In the short story “Everyday Use” by Alice Walker, Dee is described as someone who is still struggling with her identity and heritage. Dee is described as a selfish and self-centered, and a woman who remains unchanged from her childhood after several years.
Dee thinks life as an African American needs a change. Dee blindly pursues the textbook idea of what African- American heritage is without recognizing her own heritage and treasuring it.Dee views the world differently from her family.
Mama lives by the way her mama raised her. Dee carries on with her life in the present, with the new styles and patterns, and an education her mama did not get, “she wrote me once that no matter where we ‘choose’ to live, she will manage to come see us, but she will never bring her friends.” By saying this it shows just how embarrassed Dee is by her heritage. The way Mama describes Dee with “a dress so loud it hurt my eyes,” and her “earrings hanging down touching her shoulders, her bracelets dangling and making noise” shows how Dee is compared to her Mama who “wears flannel nightgowns to bed and overalls during the day.” The relationship that the mother and daughter share is not one of the best relationships, but Mama still loves her, and always will love her. When Dee comes home from college she shocks her mama and sister by saying she changed her name from Dee to Wangero.
Mama is truly shocked; she doesn’t understand how her daughter could have given up a name that’s been in the family since before the Civil war. Mama and Wangero’s relationship has been stretching thin over the years but with the most recent visit, Wangero’s actions cut the tie completely. Wangero says that she changed her name because it sounds more African and shows her heritage more. She also decides that she wants quilts her family has made to hang up for decoration to show off her heritage even more. Dee’s weakness is the inability to accept her true heritage. She has turned her back on a part of her past by taking the Muslim name of “Wangero Leewanika Kemanjo.” Her reasoning behind changing her name was because she “couldn’t bear it any longer being named after the people who oppress me.” Her mother sees the action of the name change as Dee turning her back on her immediate blood relatives.
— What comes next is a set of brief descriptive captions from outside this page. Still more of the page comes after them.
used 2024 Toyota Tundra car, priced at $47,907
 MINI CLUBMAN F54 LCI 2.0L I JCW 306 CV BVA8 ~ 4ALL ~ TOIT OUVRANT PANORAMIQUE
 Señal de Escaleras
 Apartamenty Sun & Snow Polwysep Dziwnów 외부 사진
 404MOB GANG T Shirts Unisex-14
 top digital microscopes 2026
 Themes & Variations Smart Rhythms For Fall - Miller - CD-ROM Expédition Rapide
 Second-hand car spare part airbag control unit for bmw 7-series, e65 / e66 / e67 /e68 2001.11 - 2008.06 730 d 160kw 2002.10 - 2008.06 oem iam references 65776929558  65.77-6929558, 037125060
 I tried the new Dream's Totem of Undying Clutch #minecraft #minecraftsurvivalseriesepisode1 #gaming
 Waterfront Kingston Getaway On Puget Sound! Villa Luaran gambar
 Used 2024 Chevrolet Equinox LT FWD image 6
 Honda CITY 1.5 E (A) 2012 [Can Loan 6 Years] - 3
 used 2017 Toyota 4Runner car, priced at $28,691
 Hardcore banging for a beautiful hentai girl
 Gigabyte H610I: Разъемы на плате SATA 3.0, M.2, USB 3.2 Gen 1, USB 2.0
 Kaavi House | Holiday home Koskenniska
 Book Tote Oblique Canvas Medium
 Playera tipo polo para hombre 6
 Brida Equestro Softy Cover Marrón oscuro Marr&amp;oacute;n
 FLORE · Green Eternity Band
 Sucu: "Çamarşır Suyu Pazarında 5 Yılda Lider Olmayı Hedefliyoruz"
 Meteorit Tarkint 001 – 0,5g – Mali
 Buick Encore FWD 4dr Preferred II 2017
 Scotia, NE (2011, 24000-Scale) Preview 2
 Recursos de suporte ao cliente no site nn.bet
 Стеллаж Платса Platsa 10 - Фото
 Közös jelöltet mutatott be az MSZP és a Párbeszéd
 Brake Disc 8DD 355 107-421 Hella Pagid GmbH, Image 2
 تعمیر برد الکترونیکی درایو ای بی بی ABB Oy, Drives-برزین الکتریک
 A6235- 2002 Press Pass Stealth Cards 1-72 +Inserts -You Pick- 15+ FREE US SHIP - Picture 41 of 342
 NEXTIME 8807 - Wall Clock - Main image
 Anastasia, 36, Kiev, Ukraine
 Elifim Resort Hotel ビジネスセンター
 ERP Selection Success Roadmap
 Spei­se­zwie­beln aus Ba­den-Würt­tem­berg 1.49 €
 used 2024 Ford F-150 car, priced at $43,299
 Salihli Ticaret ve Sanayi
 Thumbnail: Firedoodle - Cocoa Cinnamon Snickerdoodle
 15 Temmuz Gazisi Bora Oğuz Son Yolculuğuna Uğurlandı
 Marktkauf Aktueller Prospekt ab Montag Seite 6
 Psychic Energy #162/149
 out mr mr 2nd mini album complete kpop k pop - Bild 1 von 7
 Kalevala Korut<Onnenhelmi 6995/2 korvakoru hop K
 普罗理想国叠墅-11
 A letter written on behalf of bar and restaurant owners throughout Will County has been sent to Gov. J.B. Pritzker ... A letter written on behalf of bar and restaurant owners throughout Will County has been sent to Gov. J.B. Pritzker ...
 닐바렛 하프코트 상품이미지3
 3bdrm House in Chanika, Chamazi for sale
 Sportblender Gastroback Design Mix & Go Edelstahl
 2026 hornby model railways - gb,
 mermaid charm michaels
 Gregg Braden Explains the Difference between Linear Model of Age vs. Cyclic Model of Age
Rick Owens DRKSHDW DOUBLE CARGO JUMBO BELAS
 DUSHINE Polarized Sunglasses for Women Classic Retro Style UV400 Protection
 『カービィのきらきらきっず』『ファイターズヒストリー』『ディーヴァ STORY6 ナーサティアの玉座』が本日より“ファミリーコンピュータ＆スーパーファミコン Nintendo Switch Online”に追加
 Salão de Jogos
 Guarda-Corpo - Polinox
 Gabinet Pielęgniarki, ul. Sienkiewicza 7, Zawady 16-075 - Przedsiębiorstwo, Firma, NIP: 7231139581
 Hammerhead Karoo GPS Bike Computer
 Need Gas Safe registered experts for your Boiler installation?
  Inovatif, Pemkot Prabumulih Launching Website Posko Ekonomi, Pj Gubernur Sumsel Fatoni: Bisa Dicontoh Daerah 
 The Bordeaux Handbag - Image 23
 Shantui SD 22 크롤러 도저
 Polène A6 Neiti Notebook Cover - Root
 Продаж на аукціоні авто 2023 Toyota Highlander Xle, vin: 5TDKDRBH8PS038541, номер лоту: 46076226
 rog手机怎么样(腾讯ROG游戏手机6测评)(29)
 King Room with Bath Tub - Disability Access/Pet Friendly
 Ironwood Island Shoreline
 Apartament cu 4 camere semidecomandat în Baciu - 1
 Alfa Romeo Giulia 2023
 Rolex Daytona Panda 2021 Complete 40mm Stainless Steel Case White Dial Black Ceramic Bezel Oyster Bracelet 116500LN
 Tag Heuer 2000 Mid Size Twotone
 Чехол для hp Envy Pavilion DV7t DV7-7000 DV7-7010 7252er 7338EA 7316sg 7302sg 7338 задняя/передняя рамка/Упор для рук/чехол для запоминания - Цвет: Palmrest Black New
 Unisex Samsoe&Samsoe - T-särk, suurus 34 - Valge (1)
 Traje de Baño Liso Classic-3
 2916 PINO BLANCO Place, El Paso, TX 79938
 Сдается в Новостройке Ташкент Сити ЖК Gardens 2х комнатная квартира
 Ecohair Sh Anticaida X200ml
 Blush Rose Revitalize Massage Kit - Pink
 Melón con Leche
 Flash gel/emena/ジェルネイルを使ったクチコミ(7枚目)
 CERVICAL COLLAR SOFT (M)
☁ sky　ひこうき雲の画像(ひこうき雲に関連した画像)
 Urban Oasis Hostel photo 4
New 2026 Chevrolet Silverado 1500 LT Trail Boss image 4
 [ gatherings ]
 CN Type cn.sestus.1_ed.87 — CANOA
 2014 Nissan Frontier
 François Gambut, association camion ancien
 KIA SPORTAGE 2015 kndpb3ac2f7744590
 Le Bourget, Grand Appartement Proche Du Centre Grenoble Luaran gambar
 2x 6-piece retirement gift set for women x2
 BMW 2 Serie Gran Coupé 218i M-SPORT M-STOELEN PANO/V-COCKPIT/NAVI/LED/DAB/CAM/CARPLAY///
Dee’s insecurity concerning her past becomes evident, and her mother sees it as a denial of where she came from. It is as though she would rather claim the name of an unknown slave to that of her ancestors. Her biggest fear seems to be that by not declaring her heritage, she might someday have to return to the simple life of her mother and sister.
Throughout her life, Wangero’s always had a negative attitude towards her family. To Dee, her home and her family was an embarrassment. When her house burned down, Dee danced around rather than show concern towards her sister who was badly burned. Mama noticed that Dee “never takes a shot without making sure the house is included.” Mama is surprised because Dee had always hated the house and was glad when it burned. Dee wanted to be able to capture her family and former life on film.
Dee is battling with her identity and where she originated from. She has broken free from the shackles of her poor past and needs the photographs as confirmation of her chance. Walker conveys Dee’s strong need to have roots, even if those roots seemed beneath her new status. Dee feels as if she knows the most about African culture, but in reality she is the least connected to her actual heritage. Maggie is the true embodiment of the families history and heritage. That was the turning point for Mama who has this epiphany that suddenly she realizes that Maggie is the one who truly understands their heritage. To be an African American is not to own a quilt, it is to understand the reason behind it.
In the end, Dee leaves home thinking that her mother and her older sister still don’t understand the meaning of the word heritage. Little did she know that she was the one who actually didn’t understand.